Esse novo fóssil mostra a transição da vida na terra para vida aquática

A biologia já sabe há algum tempo que a

 

vida na Terra surgiu na água. Em algum momento, a evolução permitiu que os seres que viviam nos corpos d’água primitivos migrassem para a Terra e dominassem o planeta. Mas o contrário também aconteceu.

Animais que viviam na terra em algum momento se mudaram para os mares. Nós ainda não temos todas as respostas para as causas e os motivos disso, mas cientistas da Universidade Johns Hopkins e do Museu Americano de História Natural acabaram de encontrar pistas importantes ao pesquisar um fóssil de 155 milhões de anos.Segundo os pesquisadores, o réptil, chamado de Vadasaurus herzogi, possuía características aquáticas, incluindo uma cauda alongada e em forma de chicote e cabeça triangular, enquanto seus membros relativamente grandes o ligam a espécies terrestres.

O Vadasaurus, que é o termo latino para “lagarto caminhante”, foi descoberto em pedreiras de calcário perto de Solnhofen, na Alemanha, parte de um antigo mar raso, explorado há muito tempo por sua grande quantidade de achados fósseis.

“Características anatômicas e comportamentais de grupos modernos de seres vivos se acumularam por longos períodos de tempo.

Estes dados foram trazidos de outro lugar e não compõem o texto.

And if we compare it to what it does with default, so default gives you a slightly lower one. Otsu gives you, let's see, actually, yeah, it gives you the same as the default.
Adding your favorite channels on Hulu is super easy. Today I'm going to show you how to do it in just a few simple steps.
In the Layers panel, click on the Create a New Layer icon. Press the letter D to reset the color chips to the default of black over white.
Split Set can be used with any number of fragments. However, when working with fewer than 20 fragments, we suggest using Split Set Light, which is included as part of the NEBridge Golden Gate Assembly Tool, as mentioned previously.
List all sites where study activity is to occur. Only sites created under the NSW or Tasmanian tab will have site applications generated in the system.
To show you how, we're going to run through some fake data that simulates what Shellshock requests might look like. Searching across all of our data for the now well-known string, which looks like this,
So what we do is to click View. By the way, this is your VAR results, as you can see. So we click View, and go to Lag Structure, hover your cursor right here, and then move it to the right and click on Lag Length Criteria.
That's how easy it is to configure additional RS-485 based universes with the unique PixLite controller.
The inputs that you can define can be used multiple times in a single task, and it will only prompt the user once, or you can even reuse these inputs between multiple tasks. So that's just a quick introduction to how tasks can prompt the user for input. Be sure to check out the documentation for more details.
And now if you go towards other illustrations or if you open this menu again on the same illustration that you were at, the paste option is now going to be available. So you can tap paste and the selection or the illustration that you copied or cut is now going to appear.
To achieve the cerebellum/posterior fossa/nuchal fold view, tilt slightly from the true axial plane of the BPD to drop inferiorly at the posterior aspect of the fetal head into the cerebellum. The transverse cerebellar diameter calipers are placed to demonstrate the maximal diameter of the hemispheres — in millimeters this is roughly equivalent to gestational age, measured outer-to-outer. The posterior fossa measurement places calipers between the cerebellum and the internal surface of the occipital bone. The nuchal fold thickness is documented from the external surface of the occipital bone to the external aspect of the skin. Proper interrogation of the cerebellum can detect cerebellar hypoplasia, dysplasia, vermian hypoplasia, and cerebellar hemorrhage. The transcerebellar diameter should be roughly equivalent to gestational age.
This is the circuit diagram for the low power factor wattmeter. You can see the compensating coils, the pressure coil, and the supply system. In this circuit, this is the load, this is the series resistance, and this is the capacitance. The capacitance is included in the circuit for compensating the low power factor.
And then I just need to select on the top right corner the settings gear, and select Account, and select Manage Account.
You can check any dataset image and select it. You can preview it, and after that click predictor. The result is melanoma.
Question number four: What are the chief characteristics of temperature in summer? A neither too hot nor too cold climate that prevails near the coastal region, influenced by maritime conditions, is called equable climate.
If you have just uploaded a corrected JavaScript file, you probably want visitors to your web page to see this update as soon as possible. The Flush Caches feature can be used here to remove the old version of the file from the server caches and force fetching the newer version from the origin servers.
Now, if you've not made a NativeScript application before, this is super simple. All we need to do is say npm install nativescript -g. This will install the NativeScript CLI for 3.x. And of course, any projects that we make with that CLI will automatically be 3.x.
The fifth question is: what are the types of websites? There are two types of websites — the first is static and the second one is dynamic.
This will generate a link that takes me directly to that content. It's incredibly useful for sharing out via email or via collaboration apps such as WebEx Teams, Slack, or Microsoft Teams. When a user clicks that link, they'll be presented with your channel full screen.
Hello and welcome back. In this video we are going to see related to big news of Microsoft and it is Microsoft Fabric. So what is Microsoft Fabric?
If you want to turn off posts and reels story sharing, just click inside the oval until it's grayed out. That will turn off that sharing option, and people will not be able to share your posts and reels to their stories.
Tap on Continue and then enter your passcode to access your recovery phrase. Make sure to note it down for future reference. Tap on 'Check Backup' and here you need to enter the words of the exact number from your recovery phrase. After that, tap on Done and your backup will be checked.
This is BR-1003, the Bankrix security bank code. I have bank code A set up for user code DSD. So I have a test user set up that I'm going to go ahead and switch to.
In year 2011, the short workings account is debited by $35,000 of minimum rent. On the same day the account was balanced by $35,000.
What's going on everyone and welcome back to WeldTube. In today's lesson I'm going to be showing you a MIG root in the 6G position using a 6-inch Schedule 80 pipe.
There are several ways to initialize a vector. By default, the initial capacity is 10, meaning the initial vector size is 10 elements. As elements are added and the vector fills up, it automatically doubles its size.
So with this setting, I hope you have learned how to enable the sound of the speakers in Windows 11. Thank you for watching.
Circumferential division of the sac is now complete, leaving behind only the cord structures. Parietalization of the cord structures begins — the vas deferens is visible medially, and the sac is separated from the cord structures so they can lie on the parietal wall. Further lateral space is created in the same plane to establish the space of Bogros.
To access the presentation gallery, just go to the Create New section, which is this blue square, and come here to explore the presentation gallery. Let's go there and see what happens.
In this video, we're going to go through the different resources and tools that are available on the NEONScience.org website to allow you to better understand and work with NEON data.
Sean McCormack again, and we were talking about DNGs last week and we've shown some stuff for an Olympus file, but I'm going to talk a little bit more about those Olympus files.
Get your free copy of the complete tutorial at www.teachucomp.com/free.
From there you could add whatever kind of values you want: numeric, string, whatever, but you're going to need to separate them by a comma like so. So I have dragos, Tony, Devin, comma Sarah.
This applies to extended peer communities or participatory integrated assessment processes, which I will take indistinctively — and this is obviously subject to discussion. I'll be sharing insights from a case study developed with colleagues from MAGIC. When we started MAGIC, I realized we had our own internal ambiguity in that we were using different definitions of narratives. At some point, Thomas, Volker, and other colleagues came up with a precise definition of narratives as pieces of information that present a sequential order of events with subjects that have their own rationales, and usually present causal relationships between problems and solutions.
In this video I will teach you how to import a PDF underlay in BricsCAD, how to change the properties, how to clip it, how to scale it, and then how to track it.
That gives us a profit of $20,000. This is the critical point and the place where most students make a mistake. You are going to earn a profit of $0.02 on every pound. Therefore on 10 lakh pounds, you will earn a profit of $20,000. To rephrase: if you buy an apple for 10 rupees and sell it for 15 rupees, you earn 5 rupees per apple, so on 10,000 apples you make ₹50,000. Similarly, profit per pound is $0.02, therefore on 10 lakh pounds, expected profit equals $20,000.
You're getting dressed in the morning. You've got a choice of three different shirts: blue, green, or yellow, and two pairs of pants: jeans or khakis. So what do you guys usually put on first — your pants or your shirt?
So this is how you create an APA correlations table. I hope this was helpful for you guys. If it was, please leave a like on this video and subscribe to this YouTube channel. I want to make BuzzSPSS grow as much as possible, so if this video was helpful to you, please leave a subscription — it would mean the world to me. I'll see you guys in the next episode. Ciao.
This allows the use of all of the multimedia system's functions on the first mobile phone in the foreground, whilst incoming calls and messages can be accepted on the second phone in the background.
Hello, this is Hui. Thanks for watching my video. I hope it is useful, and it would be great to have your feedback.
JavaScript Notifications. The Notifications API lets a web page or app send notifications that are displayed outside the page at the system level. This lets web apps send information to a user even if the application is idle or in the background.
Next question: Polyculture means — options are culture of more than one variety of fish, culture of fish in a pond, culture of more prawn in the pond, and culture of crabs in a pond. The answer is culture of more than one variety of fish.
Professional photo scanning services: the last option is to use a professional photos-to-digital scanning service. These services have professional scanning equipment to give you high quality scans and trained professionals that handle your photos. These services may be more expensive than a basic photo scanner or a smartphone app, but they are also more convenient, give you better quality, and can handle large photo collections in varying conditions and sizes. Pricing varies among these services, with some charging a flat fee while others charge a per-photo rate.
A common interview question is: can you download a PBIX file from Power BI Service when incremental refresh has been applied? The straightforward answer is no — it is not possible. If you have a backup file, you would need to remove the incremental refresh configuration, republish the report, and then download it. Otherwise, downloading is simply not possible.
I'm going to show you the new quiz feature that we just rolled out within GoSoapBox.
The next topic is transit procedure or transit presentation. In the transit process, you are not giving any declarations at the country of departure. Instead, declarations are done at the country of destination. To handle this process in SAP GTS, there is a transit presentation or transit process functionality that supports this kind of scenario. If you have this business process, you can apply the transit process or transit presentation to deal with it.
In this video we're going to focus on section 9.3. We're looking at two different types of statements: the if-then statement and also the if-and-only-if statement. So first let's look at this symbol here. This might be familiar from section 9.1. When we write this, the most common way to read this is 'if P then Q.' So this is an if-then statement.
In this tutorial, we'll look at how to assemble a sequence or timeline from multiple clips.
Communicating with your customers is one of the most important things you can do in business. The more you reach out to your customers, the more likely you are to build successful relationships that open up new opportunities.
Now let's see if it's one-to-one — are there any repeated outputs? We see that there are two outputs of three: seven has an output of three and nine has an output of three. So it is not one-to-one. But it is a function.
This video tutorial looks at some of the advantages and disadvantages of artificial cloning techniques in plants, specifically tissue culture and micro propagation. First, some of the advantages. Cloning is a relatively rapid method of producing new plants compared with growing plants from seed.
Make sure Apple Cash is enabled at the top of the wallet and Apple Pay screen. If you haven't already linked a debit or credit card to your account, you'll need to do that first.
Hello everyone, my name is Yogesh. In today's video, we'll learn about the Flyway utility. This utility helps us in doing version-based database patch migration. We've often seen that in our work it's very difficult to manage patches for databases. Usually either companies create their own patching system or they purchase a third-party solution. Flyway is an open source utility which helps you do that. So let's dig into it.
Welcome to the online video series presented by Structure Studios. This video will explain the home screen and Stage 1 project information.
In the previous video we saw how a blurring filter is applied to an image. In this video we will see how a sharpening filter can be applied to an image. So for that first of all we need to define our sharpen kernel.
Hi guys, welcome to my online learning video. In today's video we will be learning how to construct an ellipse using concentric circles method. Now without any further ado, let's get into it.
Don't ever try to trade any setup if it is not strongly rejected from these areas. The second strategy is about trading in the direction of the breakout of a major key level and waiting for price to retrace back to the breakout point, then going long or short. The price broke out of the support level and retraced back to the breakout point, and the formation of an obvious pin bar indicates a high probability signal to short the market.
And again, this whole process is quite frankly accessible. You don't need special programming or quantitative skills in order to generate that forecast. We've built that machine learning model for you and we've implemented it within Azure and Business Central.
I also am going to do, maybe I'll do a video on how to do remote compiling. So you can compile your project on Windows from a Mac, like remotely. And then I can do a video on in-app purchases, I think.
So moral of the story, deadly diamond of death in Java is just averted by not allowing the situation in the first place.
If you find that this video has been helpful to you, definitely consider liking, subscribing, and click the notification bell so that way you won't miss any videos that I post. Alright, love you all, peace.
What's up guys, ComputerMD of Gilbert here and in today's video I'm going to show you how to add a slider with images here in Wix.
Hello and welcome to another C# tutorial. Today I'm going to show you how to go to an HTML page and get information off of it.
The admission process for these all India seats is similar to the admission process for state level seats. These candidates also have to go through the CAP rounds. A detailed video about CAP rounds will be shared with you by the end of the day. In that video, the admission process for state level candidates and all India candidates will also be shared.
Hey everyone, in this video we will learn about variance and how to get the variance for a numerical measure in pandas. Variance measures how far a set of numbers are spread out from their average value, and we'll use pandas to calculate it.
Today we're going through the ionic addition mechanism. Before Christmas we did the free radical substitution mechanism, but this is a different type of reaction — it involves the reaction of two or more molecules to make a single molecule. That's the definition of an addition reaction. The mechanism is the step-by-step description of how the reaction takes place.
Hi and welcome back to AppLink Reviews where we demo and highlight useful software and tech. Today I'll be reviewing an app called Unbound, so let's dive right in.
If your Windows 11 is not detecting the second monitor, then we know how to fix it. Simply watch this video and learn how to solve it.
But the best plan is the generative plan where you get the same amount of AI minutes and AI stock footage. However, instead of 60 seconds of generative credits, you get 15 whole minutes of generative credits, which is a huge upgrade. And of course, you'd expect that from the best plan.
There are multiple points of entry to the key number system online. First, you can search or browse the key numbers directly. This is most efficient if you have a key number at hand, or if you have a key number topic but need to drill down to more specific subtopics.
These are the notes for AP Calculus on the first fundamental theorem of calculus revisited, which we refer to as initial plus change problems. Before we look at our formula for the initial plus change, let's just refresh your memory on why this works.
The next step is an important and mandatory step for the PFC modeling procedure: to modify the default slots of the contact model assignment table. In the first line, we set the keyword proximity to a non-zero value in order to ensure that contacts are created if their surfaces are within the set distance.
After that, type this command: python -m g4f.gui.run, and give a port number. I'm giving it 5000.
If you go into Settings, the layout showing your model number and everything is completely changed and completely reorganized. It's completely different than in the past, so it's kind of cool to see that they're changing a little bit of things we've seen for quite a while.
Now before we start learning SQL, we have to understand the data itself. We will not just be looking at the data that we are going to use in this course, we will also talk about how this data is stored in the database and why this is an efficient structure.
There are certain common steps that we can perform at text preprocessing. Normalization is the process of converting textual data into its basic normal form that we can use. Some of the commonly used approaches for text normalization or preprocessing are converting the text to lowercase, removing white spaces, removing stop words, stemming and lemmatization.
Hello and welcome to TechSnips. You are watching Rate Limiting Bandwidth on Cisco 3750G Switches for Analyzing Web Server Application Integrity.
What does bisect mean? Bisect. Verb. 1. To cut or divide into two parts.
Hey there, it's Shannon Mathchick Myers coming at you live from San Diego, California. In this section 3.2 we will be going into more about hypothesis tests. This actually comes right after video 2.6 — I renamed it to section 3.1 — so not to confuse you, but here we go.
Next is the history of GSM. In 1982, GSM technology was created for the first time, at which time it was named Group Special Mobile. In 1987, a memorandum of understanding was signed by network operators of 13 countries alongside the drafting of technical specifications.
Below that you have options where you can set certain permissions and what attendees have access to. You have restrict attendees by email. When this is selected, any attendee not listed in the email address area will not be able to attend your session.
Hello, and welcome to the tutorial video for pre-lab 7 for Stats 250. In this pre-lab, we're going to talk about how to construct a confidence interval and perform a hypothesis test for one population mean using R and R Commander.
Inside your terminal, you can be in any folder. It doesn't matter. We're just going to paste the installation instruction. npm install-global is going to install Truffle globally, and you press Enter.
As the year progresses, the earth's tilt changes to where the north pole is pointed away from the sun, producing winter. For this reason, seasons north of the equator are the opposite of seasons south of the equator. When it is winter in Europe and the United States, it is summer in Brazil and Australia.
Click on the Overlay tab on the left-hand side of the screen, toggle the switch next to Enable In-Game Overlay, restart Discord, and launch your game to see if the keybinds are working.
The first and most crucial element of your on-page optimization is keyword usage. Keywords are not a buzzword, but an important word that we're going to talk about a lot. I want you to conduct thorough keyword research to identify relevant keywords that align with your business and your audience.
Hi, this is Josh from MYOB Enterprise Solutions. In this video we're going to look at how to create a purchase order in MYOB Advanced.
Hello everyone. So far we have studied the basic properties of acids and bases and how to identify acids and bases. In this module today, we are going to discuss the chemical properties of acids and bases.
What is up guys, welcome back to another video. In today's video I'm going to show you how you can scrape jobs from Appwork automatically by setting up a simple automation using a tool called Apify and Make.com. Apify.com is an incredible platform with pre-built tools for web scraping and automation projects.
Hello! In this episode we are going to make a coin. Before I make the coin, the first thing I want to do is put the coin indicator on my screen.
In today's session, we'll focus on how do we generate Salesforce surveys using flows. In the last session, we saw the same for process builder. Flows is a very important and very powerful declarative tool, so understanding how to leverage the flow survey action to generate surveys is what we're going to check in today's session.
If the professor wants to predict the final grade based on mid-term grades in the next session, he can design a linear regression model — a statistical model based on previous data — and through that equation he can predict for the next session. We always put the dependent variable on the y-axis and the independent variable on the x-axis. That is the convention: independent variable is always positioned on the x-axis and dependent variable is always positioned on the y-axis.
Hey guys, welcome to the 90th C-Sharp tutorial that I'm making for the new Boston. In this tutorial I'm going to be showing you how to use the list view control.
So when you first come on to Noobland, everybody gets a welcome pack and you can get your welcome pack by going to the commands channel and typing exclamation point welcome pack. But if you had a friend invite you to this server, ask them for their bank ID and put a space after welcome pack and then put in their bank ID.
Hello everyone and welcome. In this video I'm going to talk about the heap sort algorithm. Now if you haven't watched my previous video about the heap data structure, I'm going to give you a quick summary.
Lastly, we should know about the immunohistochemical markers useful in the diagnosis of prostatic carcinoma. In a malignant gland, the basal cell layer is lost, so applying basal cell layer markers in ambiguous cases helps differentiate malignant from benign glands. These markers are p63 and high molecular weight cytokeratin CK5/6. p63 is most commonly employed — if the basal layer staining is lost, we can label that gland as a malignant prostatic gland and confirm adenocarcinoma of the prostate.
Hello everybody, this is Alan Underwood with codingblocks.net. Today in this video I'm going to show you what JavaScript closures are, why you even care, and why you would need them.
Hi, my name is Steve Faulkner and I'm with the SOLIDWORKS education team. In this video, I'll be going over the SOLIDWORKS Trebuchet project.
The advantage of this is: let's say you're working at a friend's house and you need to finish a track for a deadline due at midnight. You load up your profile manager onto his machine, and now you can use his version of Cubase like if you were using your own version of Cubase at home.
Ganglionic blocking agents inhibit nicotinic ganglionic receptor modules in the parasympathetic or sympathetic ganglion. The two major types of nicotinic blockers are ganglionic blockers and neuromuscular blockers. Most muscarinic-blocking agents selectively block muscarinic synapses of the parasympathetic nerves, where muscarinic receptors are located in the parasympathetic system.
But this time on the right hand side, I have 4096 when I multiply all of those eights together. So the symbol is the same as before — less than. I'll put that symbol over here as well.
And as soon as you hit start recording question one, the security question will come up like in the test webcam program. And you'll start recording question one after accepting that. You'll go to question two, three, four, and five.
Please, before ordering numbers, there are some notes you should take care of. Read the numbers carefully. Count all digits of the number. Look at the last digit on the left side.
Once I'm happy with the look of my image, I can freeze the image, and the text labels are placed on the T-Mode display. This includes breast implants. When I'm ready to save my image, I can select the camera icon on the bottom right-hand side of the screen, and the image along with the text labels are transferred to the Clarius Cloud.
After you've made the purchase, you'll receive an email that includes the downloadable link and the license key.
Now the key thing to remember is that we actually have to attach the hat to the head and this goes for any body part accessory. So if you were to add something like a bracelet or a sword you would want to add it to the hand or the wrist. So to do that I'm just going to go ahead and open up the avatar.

Os fósseis podem nos ensinar muito sobre essa história evolutiva, incluindo a ordem em que essas características evoluíram e seu papel adaptativo em um ambiente em mudança”, diz Gabriel Bever, pesquisador do Museu Americano de História Natural, em Nova York, onde o fóssil está localizado, e professor assistente de anatomia funcional e evolução na Faculdade de Medicina da Universidade Johns Hopkins.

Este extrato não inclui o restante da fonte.